There are many possible ways to incorporate VIX (or the expected volatility of an asset) into a portfolio with trend following.  Here is one idea from David Varadi using just the S&P 500 index.  Although David’s idea is compelling, for this research idea I am more interested in how VIX and trend can be combined in a multi-asset framework.

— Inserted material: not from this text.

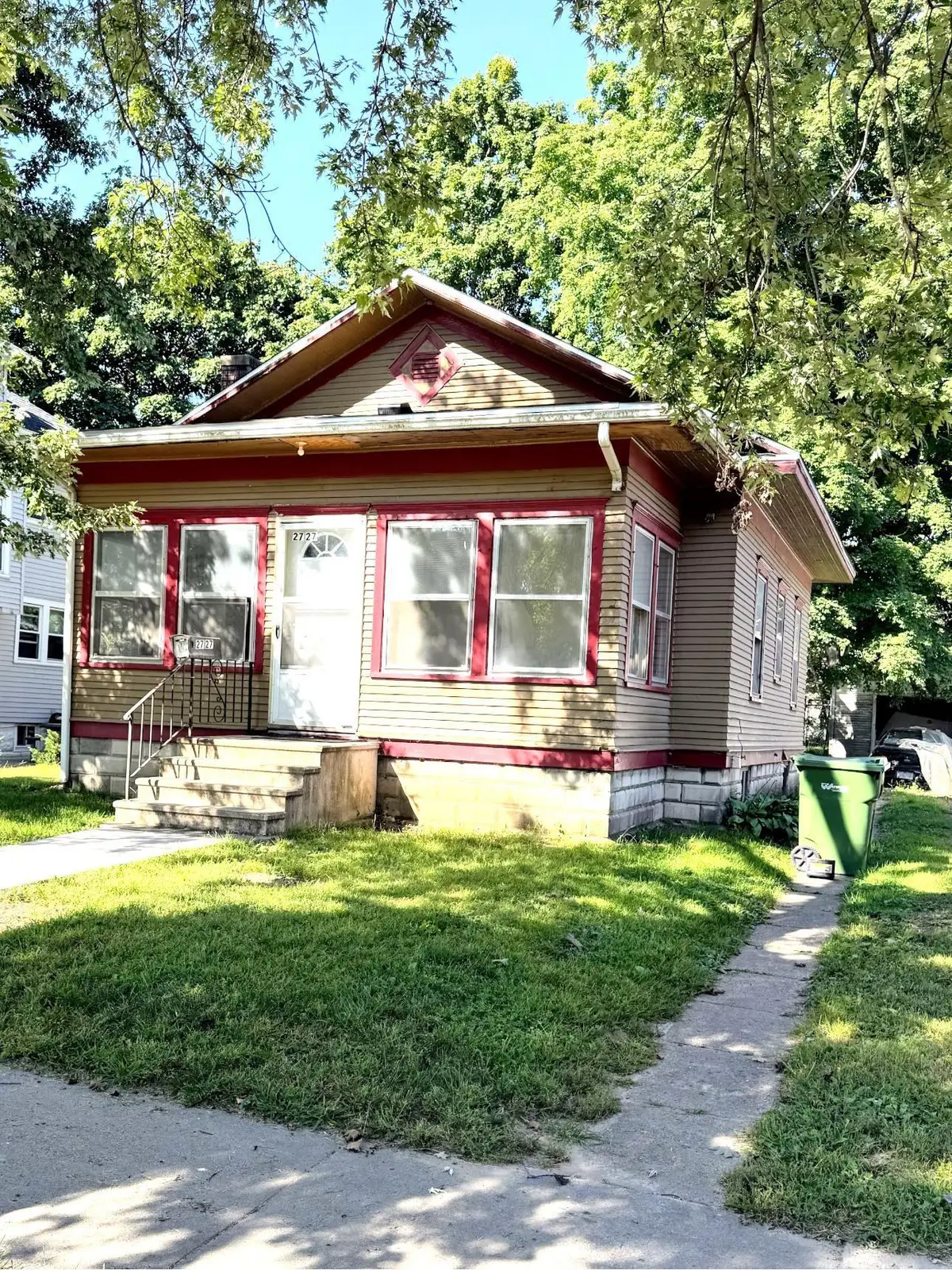 2727 E 4th Street, Waterloo, IA 50703 - Image #1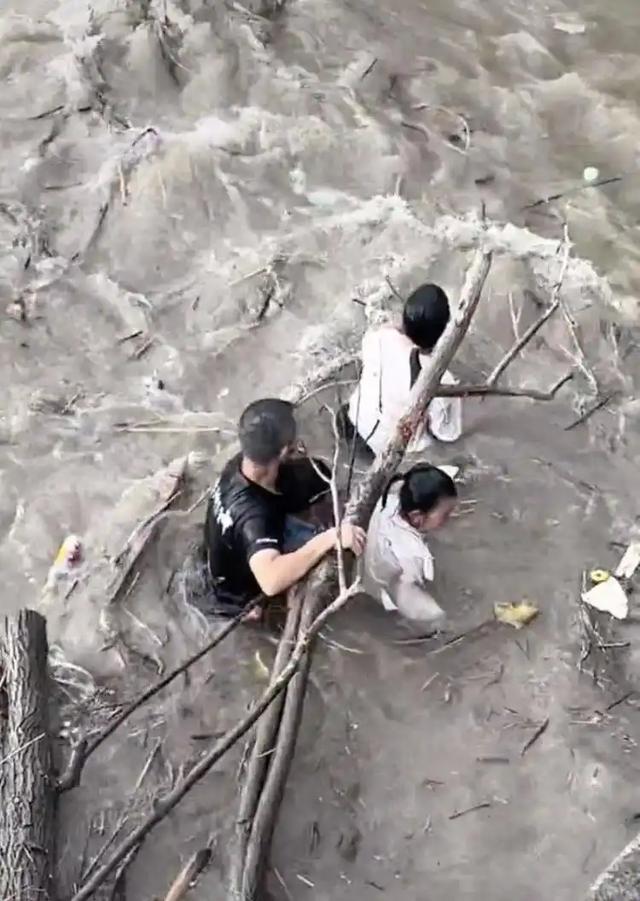 4人被卷入钱塘江！迅速被冲散，目击者拍下全程，没一个值得同情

The proposed system is as follows:

  • Use assets that are commonly found in a retirement plan:
    • S&P 500 TR index (US Large Cap Stocks)
    • Dow Jones US Completion Index TR (US Small Cap Stocks)
    • MSCI EAFE NR Index (International Stocks)
    • US BBergBarCap TR Index (US Bonds)
    • 30 Day US T-Bill TR Index (Cash)
    • Use VIX Index from the CBOE for a signal.  VIX data is somewhat limited so results start on March 1990 and run through July 2017.
  • Use the following signals for VIX:
    • Green – If the 40 day simple moving average of VIX is 18 or below.
    • Yellow – If the 40 day simple moving average of VIX is above 18 AND the 20 day simple moving average of VIX is below 32.
    • Red – If the 40 day simple moving average of VIX is above 18 AND the 20 day simple moving average of VIX is above 32.
  • Use the following trend following rules:
    • If the VIX signal is Green then – use performance over the following 10 months and own the top 1 or 2 assets.  If the returns on either are negative then cash is held in its place.
    • If the VIX signal is Yellow then – use performance over the following 3 months and own the top 1 or 2 assets.  If the returns on either are negative then cash is held in its place.
    • If the VIX signal is Red then – use performance over the following 1 month and own the top 1 or 2 assets.  If the returns on either are negative then cash is held in its place.

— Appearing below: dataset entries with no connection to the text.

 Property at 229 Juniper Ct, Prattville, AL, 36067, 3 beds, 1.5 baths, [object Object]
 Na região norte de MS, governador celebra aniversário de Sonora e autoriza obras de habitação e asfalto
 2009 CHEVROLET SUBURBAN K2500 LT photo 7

For the sake of comparison, the system (above) is compared against a more simple trend following system that owns the top 1 or 2 assets over the last 10 months and if either the top 1 or 2 assets over the last 10 months is negative then the portfolio is invested in cash.

VIX and Trend-Following System Summary Results

The following show the results for the system (VIX top 1 and VIX top 2) as well as the performance of our benchmark (10M top 1 and 10M top 2):

The results are hypothetical results and are NOT an indicator of future results and do NOT represent returns that any investor actually attained. Indexes are unmanaged, do not reflect management or trading fees, and one cannot invest directly in an index.

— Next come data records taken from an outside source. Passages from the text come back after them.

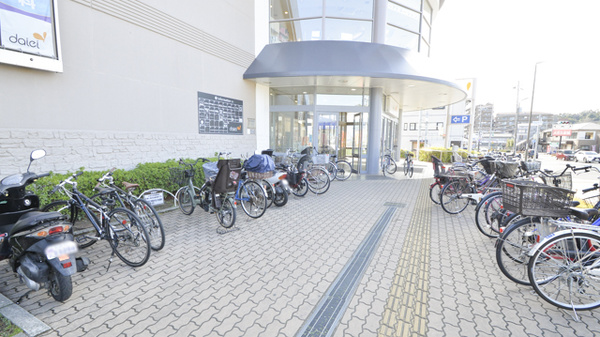 スギ薬局　宝塚中山店の駐輪場
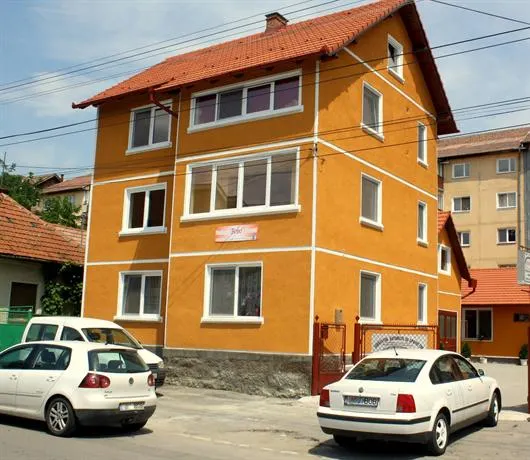 Pensiunea Bobo Panzio - Image 1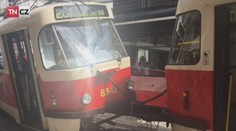 Vážný střet tramvají: Náraz jednu z nich zvedl z kolejí!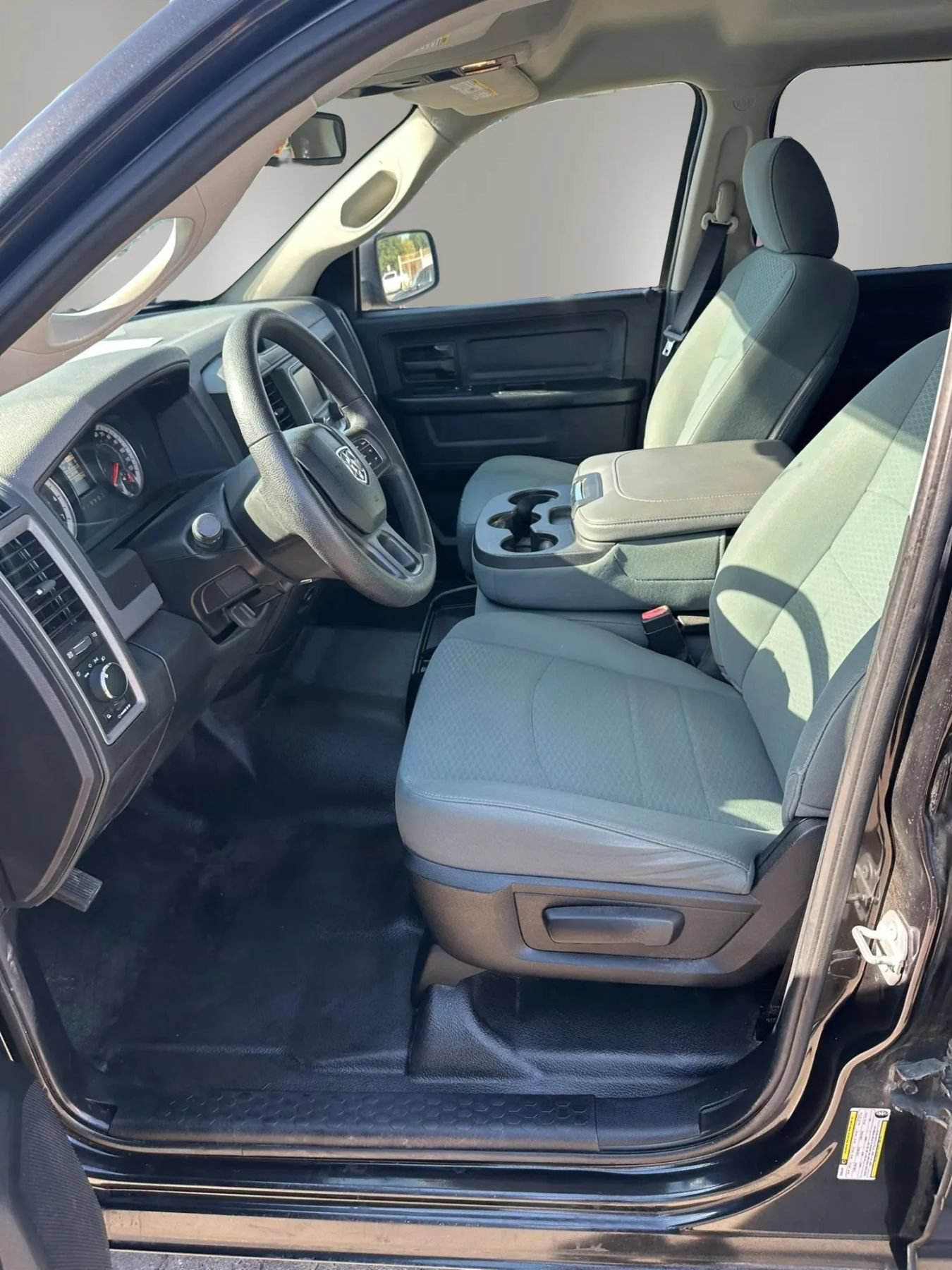 Used 2016 RAM 1500 Tradesman w/ Popular Equipment Group AWD/4WD image 6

What we see from the results above is that there isn’t really a noticeable difference between the performance of VIX Top 1 (portfolio that uses the VIX signals to inform which trend signal to use and then buy the best performing asset that matches that trend signal over the next month) and 10M Top 1 (always buys the best performing asset over the prior 10 months and if the performance is negative then hold cash).  The return of the two had very similar gross returns (11.71% vs. 12.05%), standard deviation (12.23% vs. 13.00%), Sharpe Ratio (0.73 vs. 0.71) and even have very similar drawdown statistics.

Here is a visual representation of the results, above:

The results are hypothetical results and are NOT an indicator of future results and do NOT represent returns that any investor actually attained. Indexes are unmanaged, do not reflect management or trading fees, and one cannot invest directly in an index.

 

So far, this would seem to be a case of the “added complexity doesn’t add much” to portfolio results.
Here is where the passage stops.